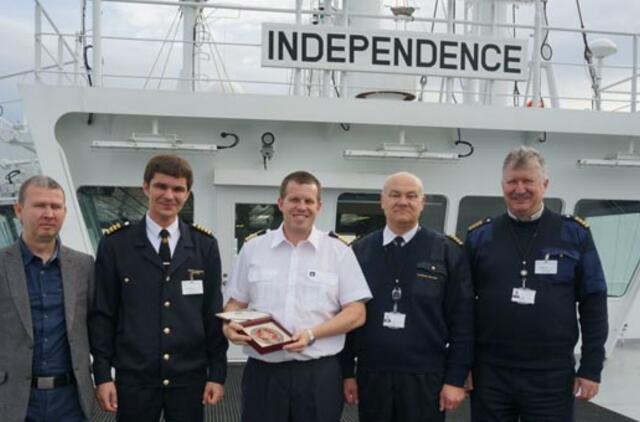 "Independence" kapitonui įteiktas uosto ženklas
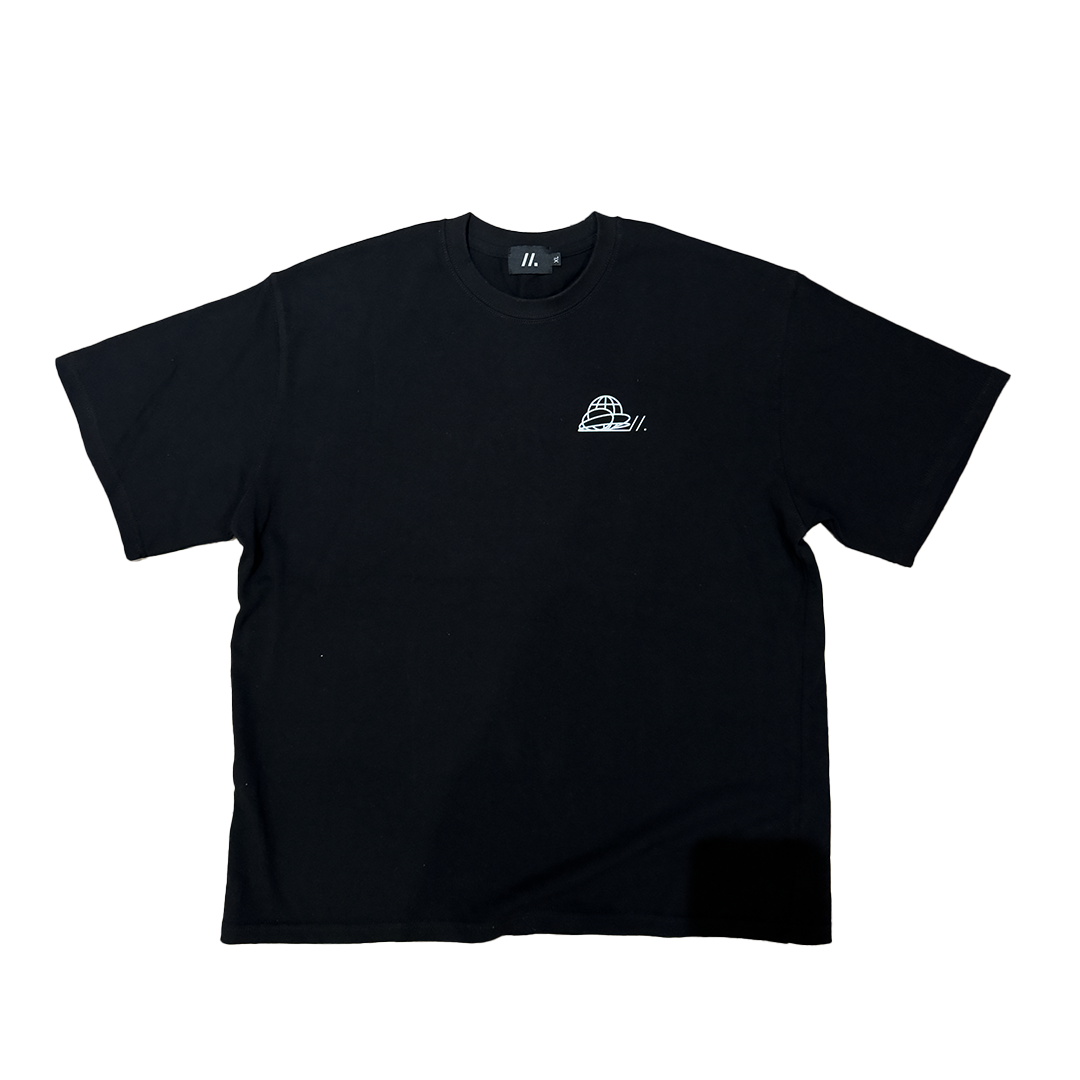 BLACK // DISTRIBUTION T-SHIRT.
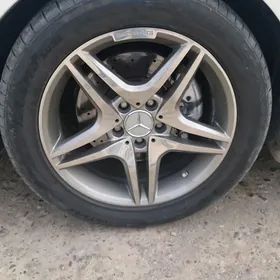 17 lik mersedes diska pokryşga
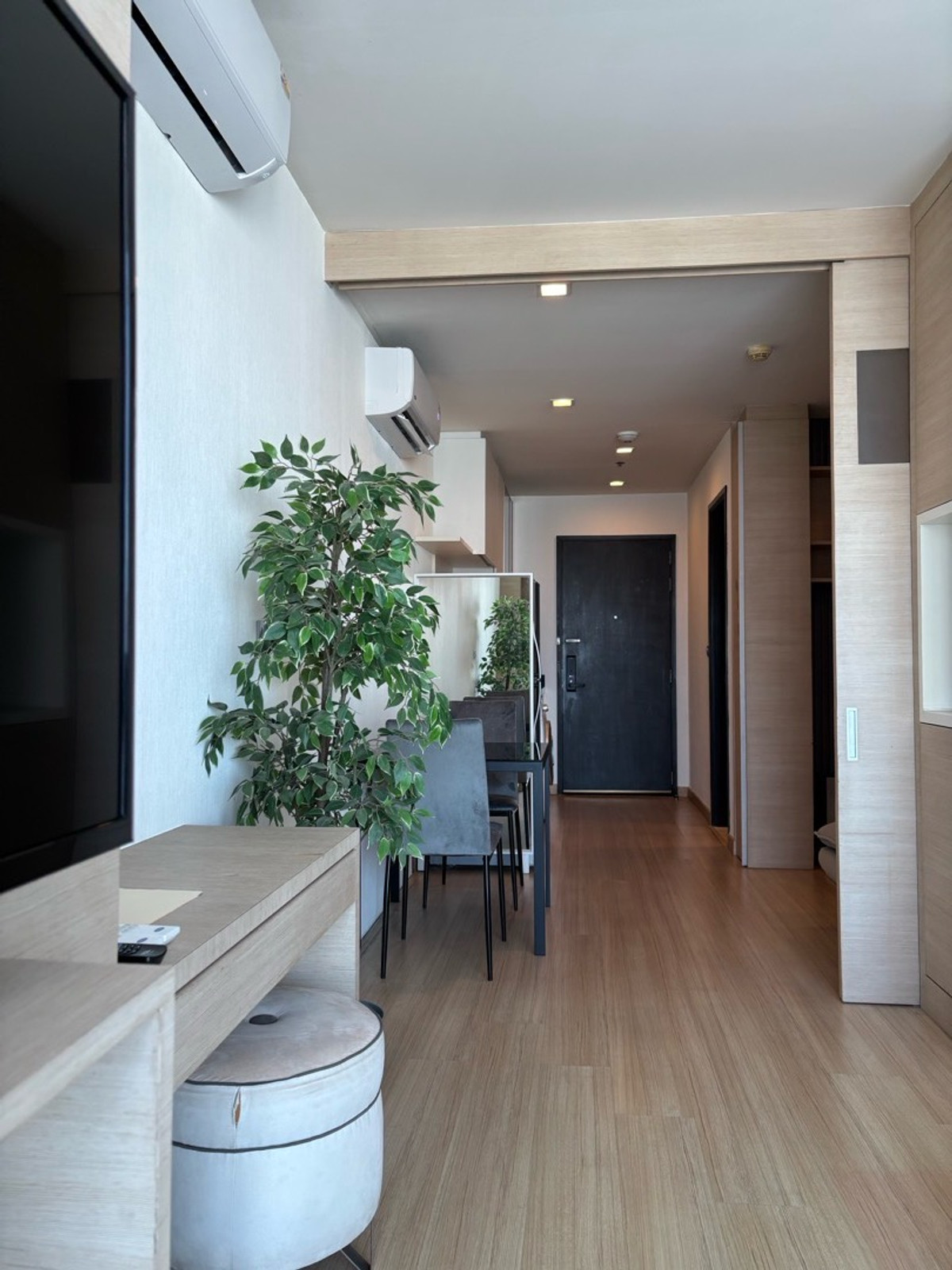 For RentCondoOnnut, Udomsuk : New Luxury Scented Room at Skywalk Residences – Only 22,000 THB/Month! ✨🏙️
รีบเลย ห้องใหม่หอมกลิ่นหรูมาก ที่ Skywalk Residences ใกล้ BTS พระโขนง เดินเพียงไม่กี่นาที 🚆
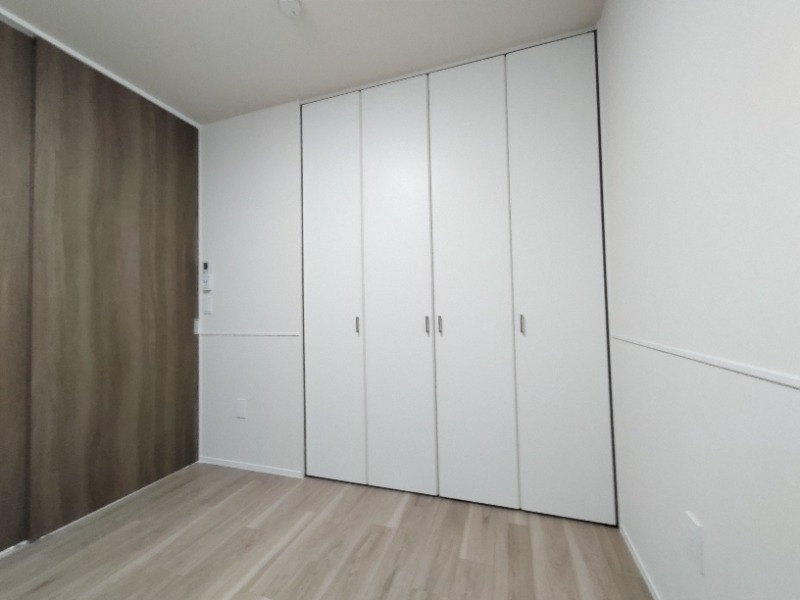 収納豊富な洋室です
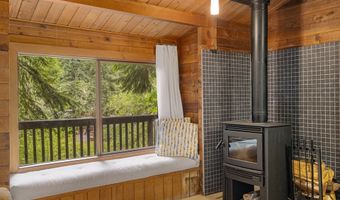 10251 Ridgview Ter, Birkenfeld, OR 97016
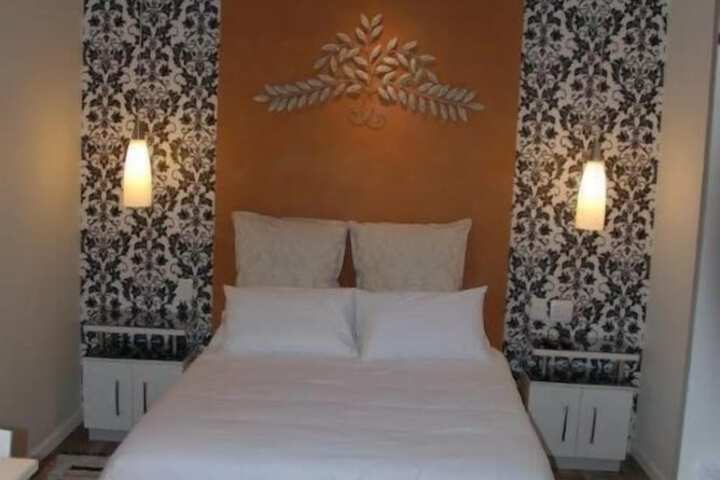 Room 5 of 19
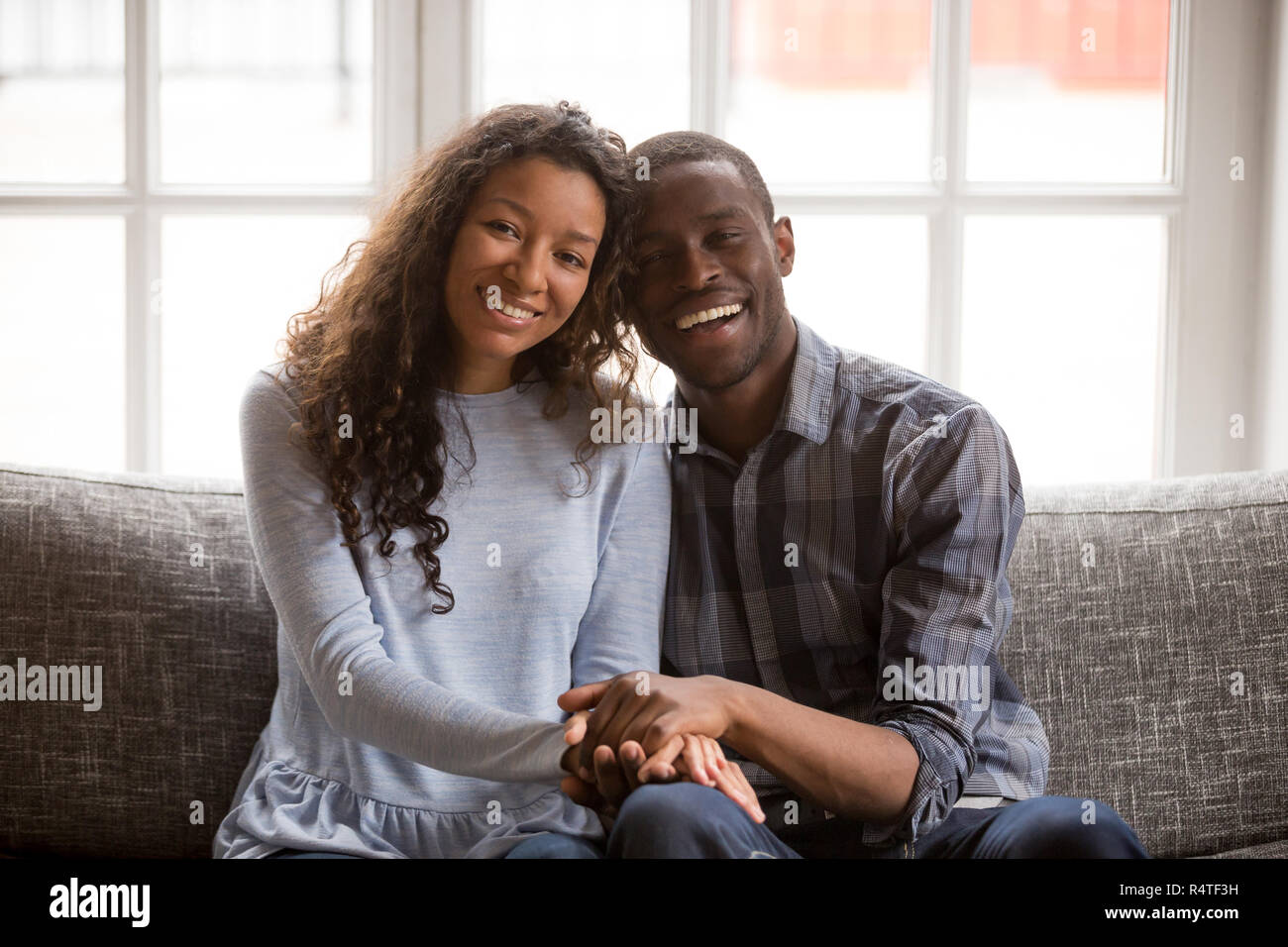 Kopf geschossen Portrait happy African American verliebtes Paar sitzen Stockfoto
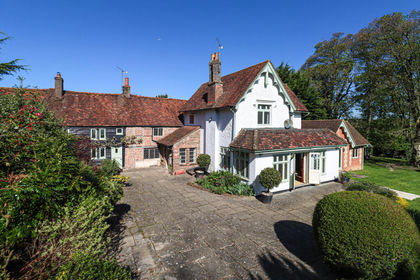 5.6 acres of Land for sale in Kensworth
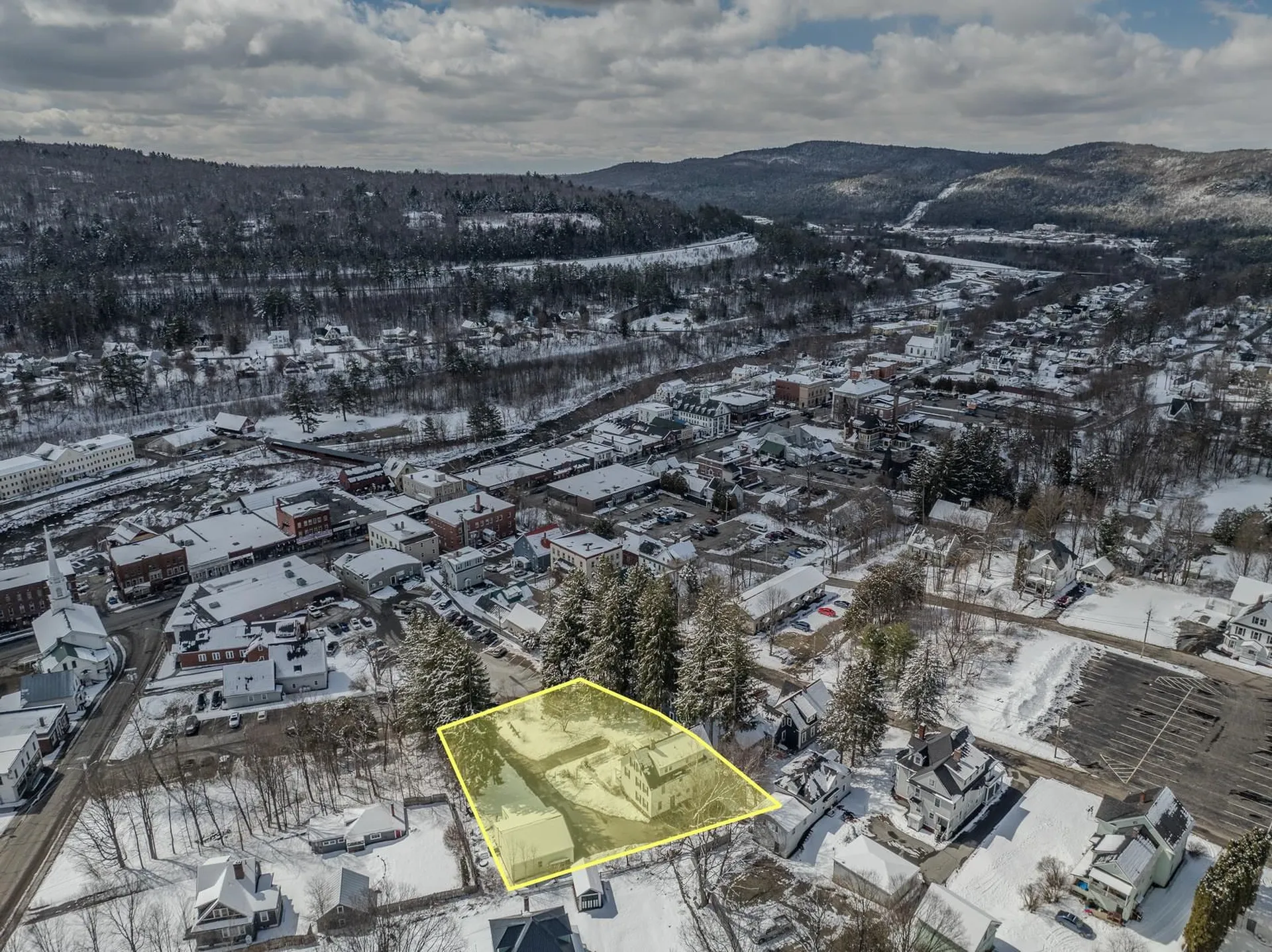 33 Hillview Terrace Littleton NH 03561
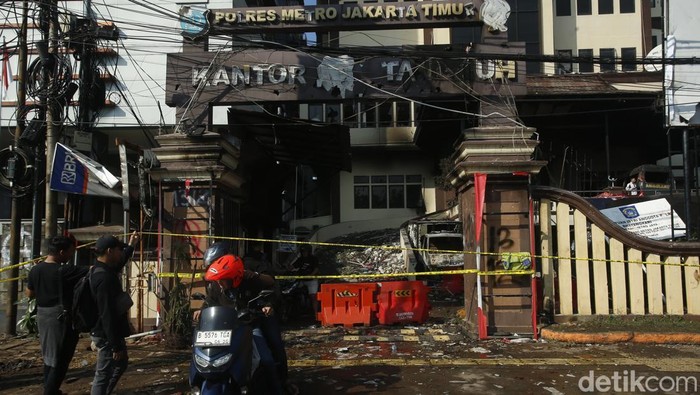Kondisi Terkini Kantor Polres Jakarta Timur Usai Diamuk Massa KantorΒ Polres Jakarta Timur yang berada di Jalan Matraman Raya menjadi sasaran amuk massa. Kantor dirusak, sejumlah kendaraan hangus terbakar, Sabtu (30/8/2025).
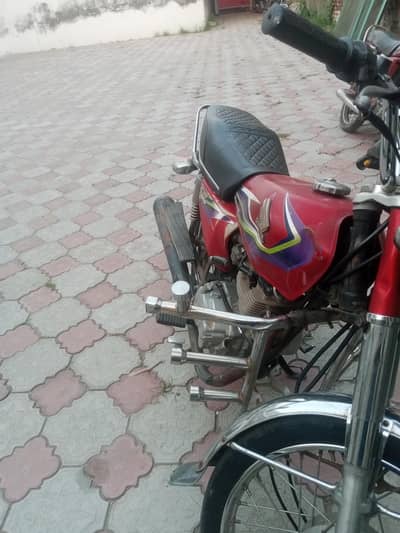 Mera scooter sab sa acha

•••

YOUR GOAL:
Reproduce the opening lines of the material above exactly, ending with the line that contains "33 Hillview Terrace Littleton NH 03561". Omit every picture.

SOLUTION TO THIS EXERCISE:
 "Independence" kapitonui įteiktas uosto ženklas
 BLACK // DISTRIBUTION T-SHIRT.
 17 lik mersedes diska pokryşga
 For RentCondoOnnut, Udomsuk : New Luxury Scented Room at Skywalk Residences – Only 22,000 THB/Month! ✨🏙️
รีบเลย ห้องใหม่หอมกลิ่นหรูมาก ที่ Skywalk Residences ใกล้ BTS พระโขนง เดินเพียงไม่กี่นาที 🚆
 収納豊富な洋室です
 10251 Ridgview Ter, Birkenfeld, OR 97016
 Room 5 of 19
 Kopf geschossen Portrait happy African American verliebtes Paar sitzen Stockfoto
 5.6 acres of Land for sale in Kensworth
 33 Hillview Terrace Littleton NH 03561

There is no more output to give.